Friday, February 14, 2014
72 Years Since GKO Order 1281ss
By February 1942, the Soviet government had already exhausted the original cohort of deported Russian-German men ages 17-50 subjected to mobilization in the labor army under GKO Order 1123ss issued on 10 January 1942. This decree had a quota of 120,000 men, but the Soviet government only managed to conscript about 93,000 deported Russian-German men by the middle of February. In response the Stalin regime issued GKO Order 1281ss on 14 February 1942 subjecting Russian-German men aged 17-50 who had been living in Siberia, Kazakhstan, Central Asia and other eastern regions of the USSR before 1941 to induction in the labor army. This decree resulted in the conscription of an additional 40,864 Russian-Germans into the labor army.
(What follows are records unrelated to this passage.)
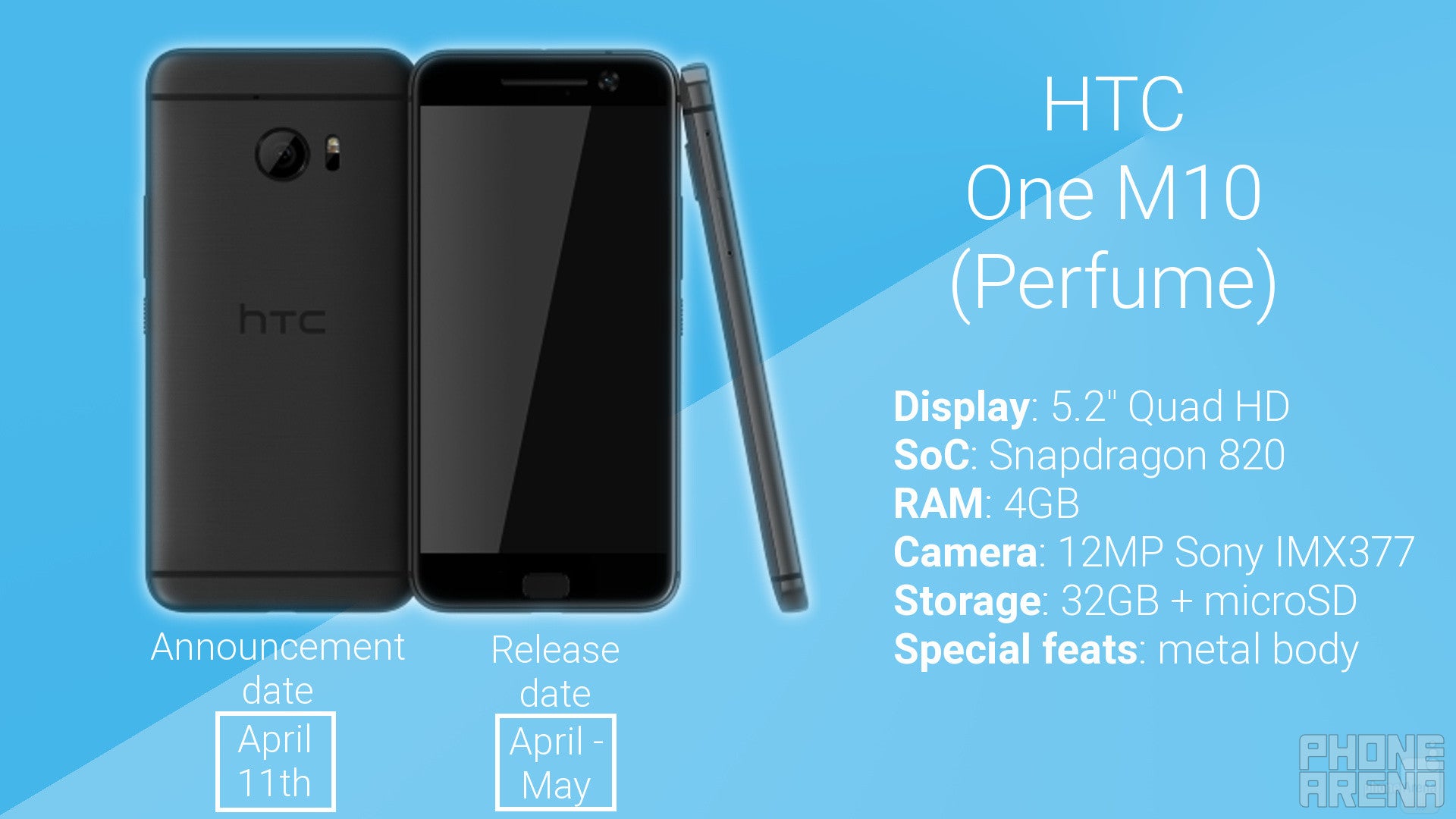 Samsung Galaxy S7 vs HTC One M10 Perfume: preliminary specs comparison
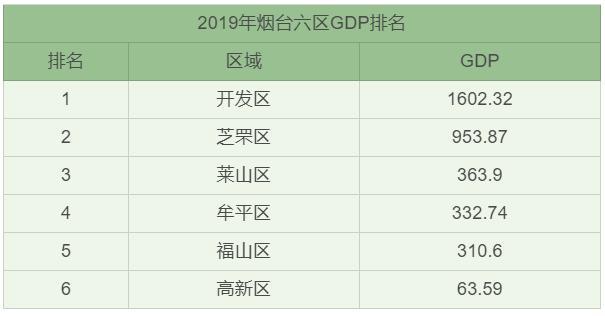 烟台每个区的gdp_山东150个县区经济实力排行出炉 烟台开发区全省第二(2)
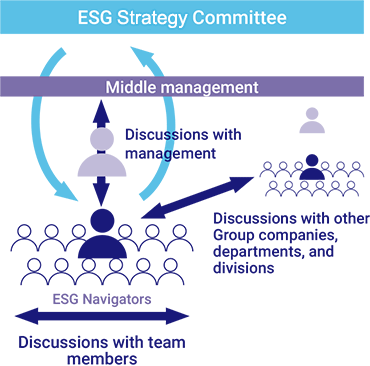 ESG Navigator System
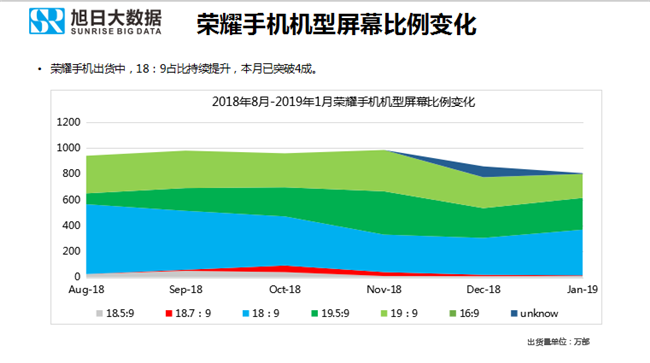榮耀手機全球市場(chǎng)表現(2019年1月)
These men mobilized from Siberia, Kazakhstan, Central Asia, and the Urals were sent to work on the South-Ural Railroad, and in the Bogoslovlag and Tagillag labor camps as well as other places. Already by the summer of 1942 the NKVD was reporting extremely high mortality rates among the Russian-Germans conscripted into the labor army and sent to work in labor camps in the Urals. Because the victims of this particular crime against humanity were ethnic Germans and the perpetrator the Soviet Union it has received almost no attention in the English speaking world.